> [WHAT THIS TASK INVOLVES]: A word-for-word copy of the lines from the one holding "Silicone Dummy Case" through the final line of the records below is the only output asked for.

━━ MATERIAL FOR THIS EXERCISE ━━

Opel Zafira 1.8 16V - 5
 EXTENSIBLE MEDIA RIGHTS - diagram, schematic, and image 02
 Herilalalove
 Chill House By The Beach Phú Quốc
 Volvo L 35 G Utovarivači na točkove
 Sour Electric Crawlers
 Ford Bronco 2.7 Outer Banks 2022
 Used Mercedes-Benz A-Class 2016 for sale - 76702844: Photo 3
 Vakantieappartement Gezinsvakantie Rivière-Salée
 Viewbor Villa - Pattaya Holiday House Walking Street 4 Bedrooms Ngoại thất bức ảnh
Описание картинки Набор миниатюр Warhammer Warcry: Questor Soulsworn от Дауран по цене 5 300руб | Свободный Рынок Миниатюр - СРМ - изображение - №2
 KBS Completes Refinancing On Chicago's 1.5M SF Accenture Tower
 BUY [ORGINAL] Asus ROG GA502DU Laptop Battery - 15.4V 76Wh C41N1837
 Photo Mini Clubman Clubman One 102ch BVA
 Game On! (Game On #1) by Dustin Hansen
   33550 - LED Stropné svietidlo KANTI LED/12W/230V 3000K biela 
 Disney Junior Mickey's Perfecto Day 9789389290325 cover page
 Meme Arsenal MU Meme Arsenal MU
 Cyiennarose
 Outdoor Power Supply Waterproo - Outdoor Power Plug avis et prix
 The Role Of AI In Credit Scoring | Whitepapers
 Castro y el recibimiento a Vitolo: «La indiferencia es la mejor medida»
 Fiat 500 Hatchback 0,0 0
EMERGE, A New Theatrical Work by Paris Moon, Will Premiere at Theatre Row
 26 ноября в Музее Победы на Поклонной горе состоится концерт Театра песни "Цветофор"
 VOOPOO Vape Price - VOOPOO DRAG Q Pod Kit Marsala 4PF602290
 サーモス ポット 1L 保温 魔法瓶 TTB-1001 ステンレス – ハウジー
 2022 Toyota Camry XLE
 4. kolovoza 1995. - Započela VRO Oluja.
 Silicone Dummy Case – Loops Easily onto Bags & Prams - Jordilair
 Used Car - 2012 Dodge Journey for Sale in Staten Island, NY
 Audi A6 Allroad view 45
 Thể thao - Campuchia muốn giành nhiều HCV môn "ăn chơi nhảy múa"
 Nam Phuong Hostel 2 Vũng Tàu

━━━

> [REPLY]:
 Silicone Dummy Case – Loops Easily onto Bags & Prams - Jordilair
 Used Car - 2012 Dodge Journey for Sale in Staten Island, NY
 Audi A6 Allroad view 45
 Thể thao - Campuchia muốn giành nhiều HCV môn "ăn chơi nhảy múa"
 Nam Phuong Hostel 2 Vũng Tàu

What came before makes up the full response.